The text opens with rúshì wǒwén 如是我聞. The colophon attributes translation to “宋天竺三藏求那跋陀羅” (Guṇabhadra, Tripiṭaka master from India, of the Sòng).

Abstract

Guṇabhadra arrived in Guǎngzhōu in 435 CE and worked actively until his death in 468 CE; he translated this text during his middle period at Jiànkāng’s Wǎguān sì 瓦官寺 or Dōnglín sì 東林寺. The translation is traditionally placed in the Yuánjiā 元嘉 era (424–453), most likely between 435 and 443 based on Sēngyòu’s catalog and parallel translation activity records.

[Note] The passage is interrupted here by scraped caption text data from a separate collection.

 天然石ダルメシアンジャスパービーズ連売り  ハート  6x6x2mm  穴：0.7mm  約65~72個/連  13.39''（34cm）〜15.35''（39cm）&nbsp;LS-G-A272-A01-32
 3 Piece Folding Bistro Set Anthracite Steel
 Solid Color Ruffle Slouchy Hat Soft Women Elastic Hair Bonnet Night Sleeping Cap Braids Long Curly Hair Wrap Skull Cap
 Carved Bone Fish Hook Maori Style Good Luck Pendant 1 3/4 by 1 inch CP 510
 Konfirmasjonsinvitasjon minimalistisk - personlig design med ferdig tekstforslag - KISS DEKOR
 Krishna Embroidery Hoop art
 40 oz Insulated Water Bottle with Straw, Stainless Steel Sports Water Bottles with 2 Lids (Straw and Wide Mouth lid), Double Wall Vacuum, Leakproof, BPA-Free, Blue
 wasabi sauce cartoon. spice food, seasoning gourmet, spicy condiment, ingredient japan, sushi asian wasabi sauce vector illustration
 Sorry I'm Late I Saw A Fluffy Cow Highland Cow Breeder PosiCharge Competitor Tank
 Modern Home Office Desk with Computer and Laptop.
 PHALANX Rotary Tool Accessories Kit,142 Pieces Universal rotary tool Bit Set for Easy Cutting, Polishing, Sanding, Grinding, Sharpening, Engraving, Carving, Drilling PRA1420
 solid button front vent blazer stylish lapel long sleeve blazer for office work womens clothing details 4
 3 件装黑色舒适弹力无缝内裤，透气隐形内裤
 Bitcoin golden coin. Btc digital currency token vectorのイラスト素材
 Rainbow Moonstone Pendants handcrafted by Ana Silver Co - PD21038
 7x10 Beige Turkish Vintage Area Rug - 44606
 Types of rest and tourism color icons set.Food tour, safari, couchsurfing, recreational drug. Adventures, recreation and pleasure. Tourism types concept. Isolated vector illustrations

The sūtra narrates Mañjuśrī’s display of supernatural powers, the Buddha’s exposition of various Mahāyāna doctrines on emptiness and bodhisattva practice, and a sequence of parivarta (chapters) on specific topics. The Guṇabhadra version is preferred in later Chinese commentarial tradition over Dharmarakṣa’s earlier T461 because of its smoother literary style. Both translations preserve material from a shared Indic Vorlage but with different emphases and chapter divisions.

Guṇabhadra was one of the four foremost foreign translators in early medieval China (along with Kumārajīva, Paramārtha, and Bodhiruci) and is responsible for major Yogācāra and tathāgatagarbha texts including the Saṃyuktāgama (T99), the Laṅkāvatāra-sūtra (T670), and the Śrīmālādevī-siṃhanāda-sūtra (T353). This work is a relatively minor entry in his corpus but doctrinally important for the Mañjuśrī tradition.

Translations and research

  • Boucher, Daniel. Bodhisattvas of the Forest and the Formation of the Mahāyāna. University of Hawaiʻi Press, 2008.
  • Lamotte, Étienne. Mañjuśrī. Bruxelles: Institut Belge des Hautes Études Chinoises, 1960 — covers the Mañjuśrī-vikurvāṇa-parivarta.